### INPUT FOR THIS TASK
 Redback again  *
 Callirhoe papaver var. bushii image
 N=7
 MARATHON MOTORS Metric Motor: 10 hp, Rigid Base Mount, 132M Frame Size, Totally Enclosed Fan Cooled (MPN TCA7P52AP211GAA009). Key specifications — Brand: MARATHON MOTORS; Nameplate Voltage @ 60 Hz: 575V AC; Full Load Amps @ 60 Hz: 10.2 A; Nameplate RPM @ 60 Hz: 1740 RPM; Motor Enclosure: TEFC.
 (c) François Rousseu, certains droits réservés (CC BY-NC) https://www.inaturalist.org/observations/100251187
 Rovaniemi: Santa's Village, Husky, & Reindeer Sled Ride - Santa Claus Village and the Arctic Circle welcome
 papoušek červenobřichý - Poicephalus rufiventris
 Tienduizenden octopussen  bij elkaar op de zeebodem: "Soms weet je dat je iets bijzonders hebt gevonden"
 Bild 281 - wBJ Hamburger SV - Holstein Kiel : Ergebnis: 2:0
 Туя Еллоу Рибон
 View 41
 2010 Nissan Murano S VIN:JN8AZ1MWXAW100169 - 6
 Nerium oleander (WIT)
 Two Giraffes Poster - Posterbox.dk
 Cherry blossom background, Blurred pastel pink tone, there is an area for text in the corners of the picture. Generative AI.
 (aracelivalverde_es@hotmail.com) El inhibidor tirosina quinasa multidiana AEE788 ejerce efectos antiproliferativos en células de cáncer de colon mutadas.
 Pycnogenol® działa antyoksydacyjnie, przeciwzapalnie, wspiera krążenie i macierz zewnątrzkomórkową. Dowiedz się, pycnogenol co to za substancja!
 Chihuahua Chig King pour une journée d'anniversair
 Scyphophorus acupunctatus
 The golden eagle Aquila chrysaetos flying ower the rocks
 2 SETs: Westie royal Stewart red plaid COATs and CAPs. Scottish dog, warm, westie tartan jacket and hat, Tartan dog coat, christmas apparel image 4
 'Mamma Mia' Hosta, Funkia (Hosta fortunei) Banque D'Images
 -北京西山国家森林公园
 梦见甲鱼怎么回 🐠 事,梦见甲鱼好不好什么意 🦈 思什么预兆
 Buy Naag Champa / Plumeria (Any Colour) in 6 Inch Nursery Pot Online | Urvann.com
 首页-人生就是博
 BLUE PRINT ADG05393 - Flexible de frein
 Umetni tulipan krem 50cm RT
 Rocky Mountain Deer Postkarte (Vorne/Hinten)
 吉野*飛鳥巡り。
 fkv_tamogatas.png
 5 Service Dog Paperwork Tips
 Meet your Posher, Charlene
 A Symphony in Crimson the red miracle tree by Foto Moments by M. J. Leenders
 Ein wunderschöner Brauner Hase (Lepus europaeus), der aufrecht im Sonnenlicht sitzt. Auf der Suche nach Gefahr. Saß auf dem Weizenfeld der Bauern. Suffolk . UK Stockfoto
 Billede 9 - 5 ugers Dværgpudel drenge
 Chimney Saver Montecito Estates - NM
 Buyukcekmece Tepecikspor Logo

### GOAL OF THE EXERCISE
All of the records above are to be repeated exactly.

### OUTPUT FOR THIS EXERCISE
 Redback again  *
 Callirhoe papaver var. bushii image
 N=7
 MARATHON MOTORS Metric Motor: 10 hp, Rigid Base Mount, 132M Frame Size, Totally Enclosed Fan Cooled (MPN TCA7P52AP211GAA009). Key specifications — Brand: MARATHON MOTORS; Nameplate Voltage @ 60 Hz: 575V AC; Full Load Amps @ 60 Hz: 10.2 A; Nameplate RPM @ 60 Hz: 1740 RPM; Motor Enclosure: TEFC.
 (c) François Rousseu, certains droits réservés (CC BY-NC) https://www.inaturalist.org/observations/100251187
 Rovaniemi: Santa's Village, Husky, & Reindeer Sled Ride - Santa Claus Village and the Arctic Circle welcome
 papoušek červenobřichý - Poicephalus rufiventris
 Tienduizenden octopussen  bij elkaar op de zeebodem: "Soms weet je dat je iets bijzonders hebt gevonden"
 Bild 281 - wBJ Hamburger SV - Holstein Kiel : Ergebnis: 2:0
 Туя Еллоу Рибон
 View 41
 2010 Nissan Murano S VIN:JN8AZ1MWXAW100169 - 6
 Nerium oleander (WIT)
 Two Giraffes Poster - Posterbox.dk
 Cherry blossom background, Blurred pastel pink tone, there is an area for text in the corners of the picture. Generative AI.
 (aracelivalverde_es@hotmail.com) El inhibidor tirosina quinasa multidiana AEE788 ejerce efectos antiproliferativos en células de cáncer de colon mutadas.
 Pycnogenol® działa antyoksydacyjnie, przeciwzapalnie, wspiera krążenie i macierz zewnątrzkomórkową. Dowiedz się, pycnogenol co to za substancja!
 Chihuahua Chig King pour une journée d'anniversair
 Scyphophorus acupunctatus
 The golden eagle Aquila chrysaetos flying ower the rocks
 2 SETs: Westie royal Stewart red plaid COATs and CAPs. Scottish dog, warm, westie tartan jacket and hat, Tartan dog coat, christmas apparel image 4
 'Mamma Mia' Hosta, Funkia (Hosta fortunei) Banque D'Images
 -北京西山国家森林公园
 梦见甲鱼怎么回 🐠 事,梦见甲鱼好不好什么意 🦈 思什么预兆
 Buy Naag Champa / Plumeria (Any Colour) in 6 Inch Nursery Pot Online | Urvann.com
 首页-人生就是博
 BLUE PRINT ADG05393 - Flexible de frein
 Umetni tulipan krem 50cm RT
 Rocky Mountain Deer Postkarte (Vorne/Hinten)
 吉野*飛鳥巡り。
 fkv_tamogatas.png
 5 Service Dog Paperwork Tips
 Meet your Posher, Charlene
 A Symphony in Crimson the red miracle tree by Foto Moments by M. J. Leenders
 Ein wunderschöner Brauner Hase (Lepus europaeus), der aufrecht im Sonnenlicht sitzt. Auf der Suche nach Gefahr. Saß auf dem Weizenfeld der Bauern. Suffolk . UK Stockfoto
 Billede 9 - 5 ugers Dværgpudel drenge
 Chimney Saver Montecito Estates - NM
 Buyukcekmece Tepecikspor Logo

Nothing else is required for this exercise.